Dos Santos who has been President of Angola for 37 years announced in March that he will step down before the general elections scheduled for August 2017.
The National Radio of Angola reported that the new leader of Dos Santos’ party, the People’s Movement for the Liberation of Angola (MPLA) will be Defence Minister Joao Lourenco.
“The president will not be a candidate and he already has a successor,
“It will be Joao Lourenco, who will be presented to members of the party on December 10 when we celebrate the party’s anniversary,” Joao Pinto, a senior member of the MPLA told AFP.
President Dos Santos has ruled the central African nation since 1979 while the MPLA have ruled Angola since it’s independence from Portugal in 1974.
He is also the second longest-serving ruler in Africa, following Equatorial Guinea’s President Teodoro Obiang
In March, President Dos Santos surprised many when he stated that he would step down ahead of the 2018 elections in Angola.
Although, Angola does not directly elect its president, political parties compete and the winning party’s leader becomes President.
Although considered a moderate President, Dos Santos has been criticized for being corrupt, amassing wealth for his family, silencing the opposition, while ignoring the needs of his people.
His appointment of his daughter, Isabel Dos Santos who is also the richest woman in Africa, as the head of Sonangol was the straw that broke the camel’s back.

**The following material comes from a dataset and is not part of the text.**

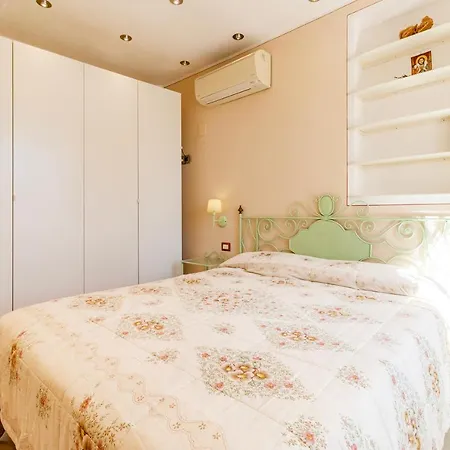 Apartment Casa Il Cortile - Close To Centre - Happy
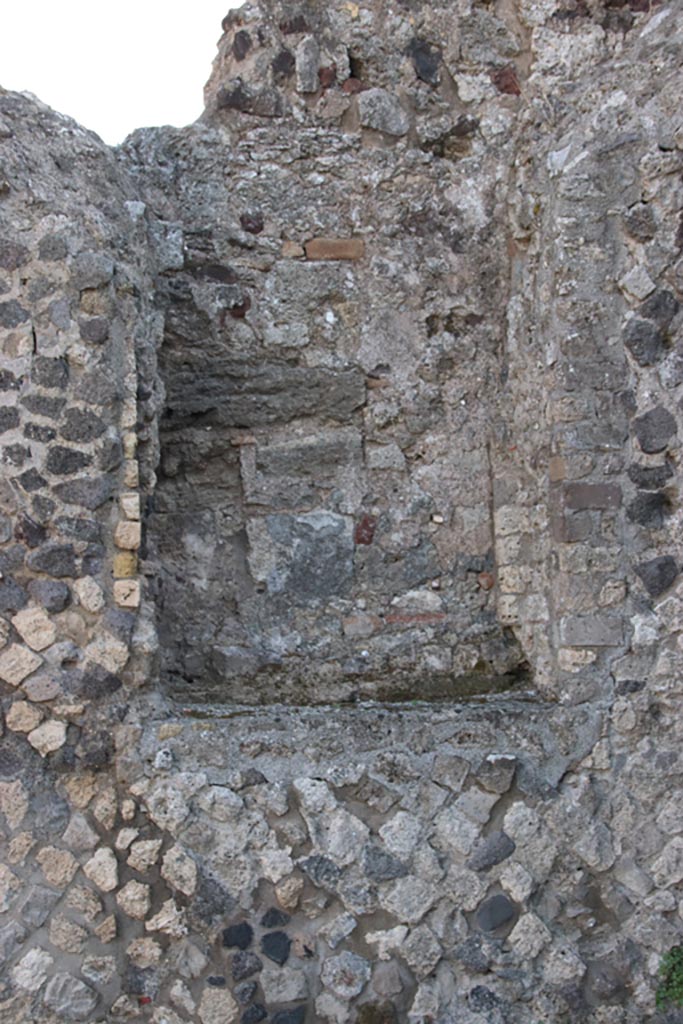VIII.3.1 Pompeii. October 2022.
Detail of niche from east wall in south-east corner. Photo courtesy of Klaus Heese.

This led to accusations of Dos Santos practicing nepotism. However, the president claimed that Isabel was appointed for her expertise and not because she’s a Dos Santos.
Isabel also has a controlling stake in Angola’s largest phone operator Unitel and the nation’s largest bank, Banco de Fomento Angola (BFA) which she claimed early this year. Although Isabel has often time defended her billionaire status as not being aided by her father, the controlling stakes she holds in these state organizations make critics believe otherwise.